**WHAT YOU HAVE TO DO:**
Return the material exactly, first line through the line containing "tighter, healthier skin.", and nothing more. Pictures stay out.

═══

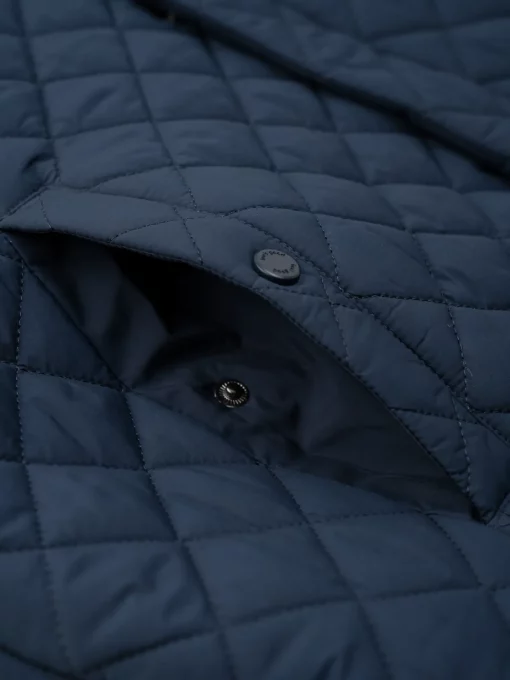 Men's Down Jacket With Hidden Buckle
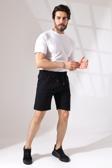 Tynemode Erkek Regular Fit Siyah Pamuklu Yazlık Şort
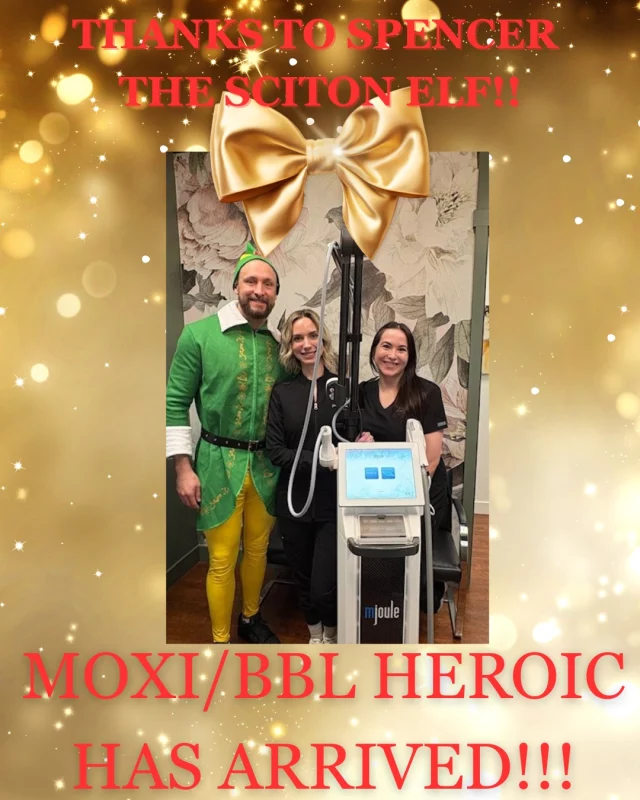 ✨ BIG NEWS at Jewell Aesthetic Med Spa! ✨

Thanks to Spencer — our Sciton elf 🧝‍♂️✨ — the MOXI / BBL HEROic has officially arrived!

Starting January 2026, we’ll be offering:
🔥 MOXI
🔥 BBL HEROic
🔥 SkinTyte™ (Skin Tightening)

We are beyond excited to expand our laser menu with these next-level skin rejuvenation treatments designed to improve tone, texture, pigment, redness, and overall skin quality—with little to no downtime.

✨ Why we love them:
• MOXI – Prejuvenation + glow, smooths texture & boosts collagen
• BBL HEROic – Treats sun damage, redness, acne & signs of aging fast
• SkinTyte™ – Non-invasive skin tightening using infrared energy

✨ Let’s glow into the New Year with brighter, tighter, healthier skin.
📅 Booking opens soon — stay tuned!

#JAMSGlow #ScitonLaser #MOXI #BBLHEROic #SkinTightening #LaserSeason #JewellAestheticMedSpa #ReputationBuiltOnResults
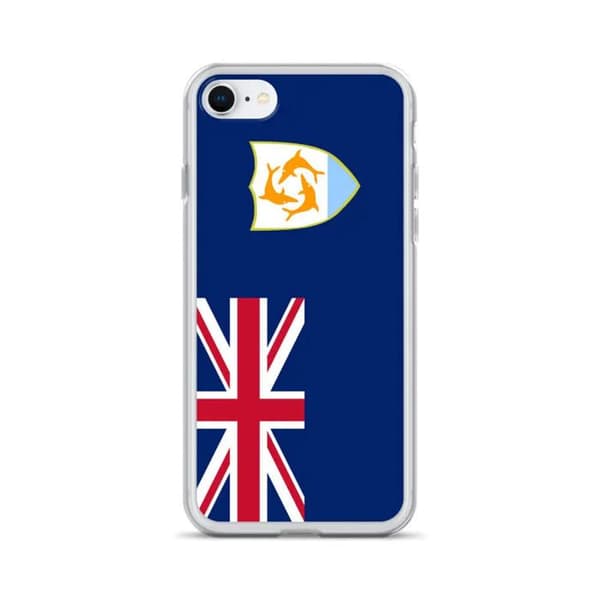 Coque - PIXELFORMA - iPhone 8 - Anguilla Flag - Fleksibel - Fuld beskyttelse Anguillas flagga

═══

**ANSWER TO THE EXERCISE:**
 Men's Down Jacket With Hidden Buckle
 Tynemode Erkek Regular Fit Siyah Pamuklu Yazlık Şort
 ✨ BIG NEWS at Jewell Aesthetic Med Spa! ✨

Thanks to Spencer — our Sciton elf 🧝‍♂️✨ — the MOXI / BBL HEROic has officially arrived!

Starting January 2026, we’ll be offering:
🔥 MOXI
🔥 BBL HEROic
🔥 SkinTyte™ (Skin Tightening)

We are beyond excited to expand our laser menu with these next-level skin rejuvenation treatments designed to improve tone, texture, pigment, redness, and overall skin quality—with little to no downtime.

✨ Why we love them:
• MOXI – Prejuvenation + glow, smooths texture & boosts collagen
• BBL HEROic – Treats sun damage, redness, acne & signs of aging fast
• SkinTyte™ – Non-invasive skin tightening using infrared energy

✨ Let’s glow into the New Year with brighter, tighter, healthier skin.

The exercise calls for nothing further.